In the absence of direct or indirect financial self-interest, the directors enjoy the presumption that their decision was made in good faith. But a plaintiff may place their good faith at issue by showing the substance of the decision itself belies the presumption that the directors acted in good faith. This requires the court to examine the probable result to be achieved by the decision. If it is assumed that a person intends to achieve the likely consequences of his actions, it follows that the board’s motive for making a particular decision can be inferred from the probable outcome to be achieved by that decision. Thus, if the likely outcome of a board decision is to increase corporate value, a court can infer that it was motivated by a good-faith belief that it would serve the corporation’s best interests.

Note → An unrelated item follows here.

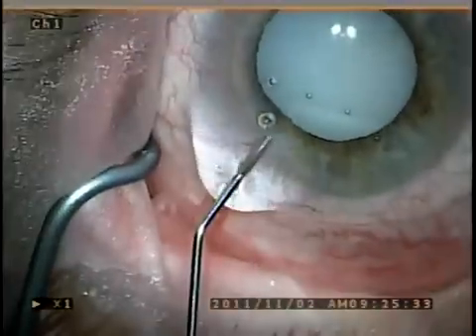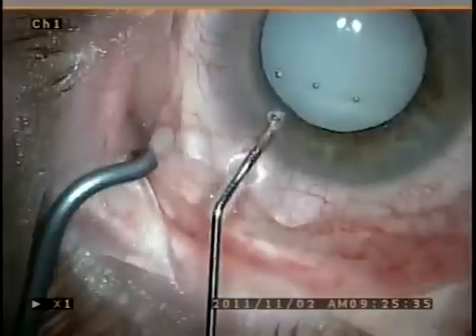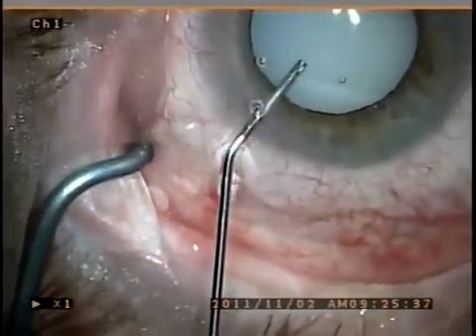This is Dr. Sidney Tyson, and I would like to share with you a video of the phacoemulsification of a dense mature cataract.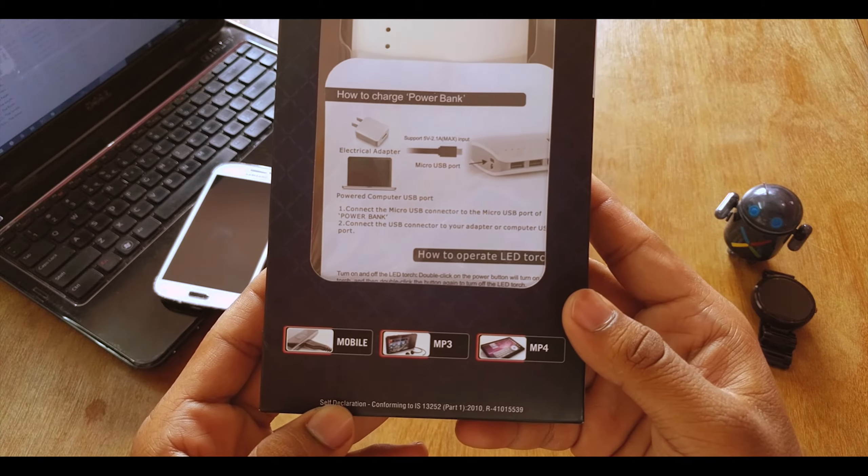This is an 11,000 mAh power bank, so let me estimate the capacity. For example, my Nexus 6P has a 3,450 mAh battery. So 11,000 mAh will probably charge the Nexus 6P around three and a half times — or three full charges plus about 50%. So it's actually pretty huge.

Conversely, where the probable outcome of a decision, viewed in light of the facts known to the board at the time the decision was made, has no rational relation to the corporation’s best interests, a court could reasonably conclude that the decision was based on a purpose other than the best interests of the corporation. In other words, it was not based on a good-faith belief that it would serve the corporation’s best interests and thus constitutes a violation of the duty of loyalty. Such a decision would be deemed “irrational” under the traditional business judgment rule.